John Robertson John Robertson - 2 months ago 18
SQL Question

Random table sampling query in SQLite

I can write your typical "SELECT A,C FROM B WHERE B.id = 10" query, but have otherwise made very little use of SQL, and what I need to do with this query is well beyond my SQL experience at this point.

I have a table T with primary key Tid and a special column S in SQLite. I want to create another table which is a single column made up of values of Tid.
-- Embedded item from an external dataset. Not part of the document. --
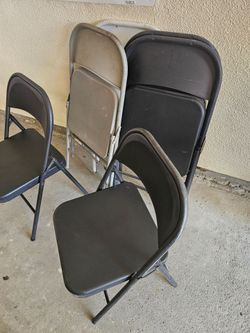 12CHAIRS FOLDING METAL IN VERY GOOD CONDITION BLACK GREY AND WHITE MIX SALE IT ALL TOGETHER HEAVY DUTY FOR ANY QUESTION TEXT ME PLEASE HABLO PLEASE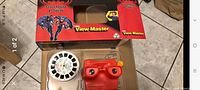 Photo of the Batman & Robin View-Master in red with one reel inserted, alongside the other reel and original box showing graphics and branding.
I need my new table to have 1000 random values of Tid for EACH possible value of S.

So if I was to group T by S then my new table would represent 1000 random principle keys from each group.

What SQLlite query will create such a table?

Note: Table T is huge, so better performing queries are better.

Answer

Update: I came up with a simpler solution than my first one.

First, we create a table to put the result in:

CREATE TABLE result(tid integer primary key, s);

At the end of this process, result will contain 1000 rows from each group of each unique s value from the original table t.

The basic idea is to create a "magic" special view with one column s, that has the property that each time we try to insert any value of s into it, instead, 1000 random rows from t that have the same value for s will be selected and inserted into result. We can do that with a trigger:

CREATE TEMP VIEW result_view AS SELECT null AS s WHERE 0;

CREATE TEMP TRIGGER result_ins_trigger
INSTEAD OF INSERT ON result_view FOR EACH ROW
BEGIN
    INSERT INTO result(tid, s)
    SELECT * FROM t WHERE t.s=NEW.s ORDER BY random() LIMIT 1000;
END;

Now that we have that view, we try to insert all distinct values of s into it and the trigger will do the rest:

INSERT INTO result_view SELECT DISTINCT s FROM t;

Note that the process will be significantly faster if you have an index on t(s), so might want to create that first (and then drop it if you don't need it).

Essentially, the above solution is a poor man's implementation of LATERAL subqueries, using triggers.


Original answer: Here's a solution that uses a temporary trigger. First, we create a table to put the result in:

CREATE TABLE result(tid integer primary key, s, num NOT NULL);

At the end of this process, result will contain 1000 rows from each group of each unique s value from the original table t. The table also has an auxiliary column called num. Then we do the following:

CREATE INDEX result_s_idx ON result(s, num);

CREATE TEMP VIEW result_view AS SELECT null AS TID, null AS s, NULL AS num WHERE 0;

CREATE TEMP TRIGGER result_ins_trigger
INSTEAD OF INSERT ON result_view FOR EACH ROW
BEGIN
    INSERT INTO result(tid, s, num)
    SELECT NEW.tid, NEW.s,
           COALESCE((SELECT max(num) FROM result WHERE s=NEW.s),0)+1 AS num
    WHERE num<=1000;
END;

INSERT INTO result_view(tid, s, num)
SELECT tid,s,null FROM t ORDER BY random();

DROP INDEX result_s_idx;

The idea is to try insert everything from t into result, in a random order, assigning to each row a number (stored in the column num) that indicates what is the position (in the random order) of that element within that group. So e.g. if num is 11, then that means that row is the 11th row of that group. Additionally, if the number becomes larger than 1000 then we discard the row, because we only need 1000 rows per group. In order to impelemt the previous logic, we use a trigger so that for each row that we try to insert, it runs a subquery to calculate the right value of num and discards the row if num is greater than 1000. Because sqlite does not allow INSTEAD OF triggers on regular tables, we create that trigger on a dummy temporary view. Finally, we insert all the row from t into the dummy view (so that the trigger kicks in) in a random order.

Essentially, the above solution is a poor man's implementation of the row_number window function, using triggers.

One last issue, is the auxiliary column num of result. If you are bothered by it, it can be removed by creating a new table without it and copying all data from result.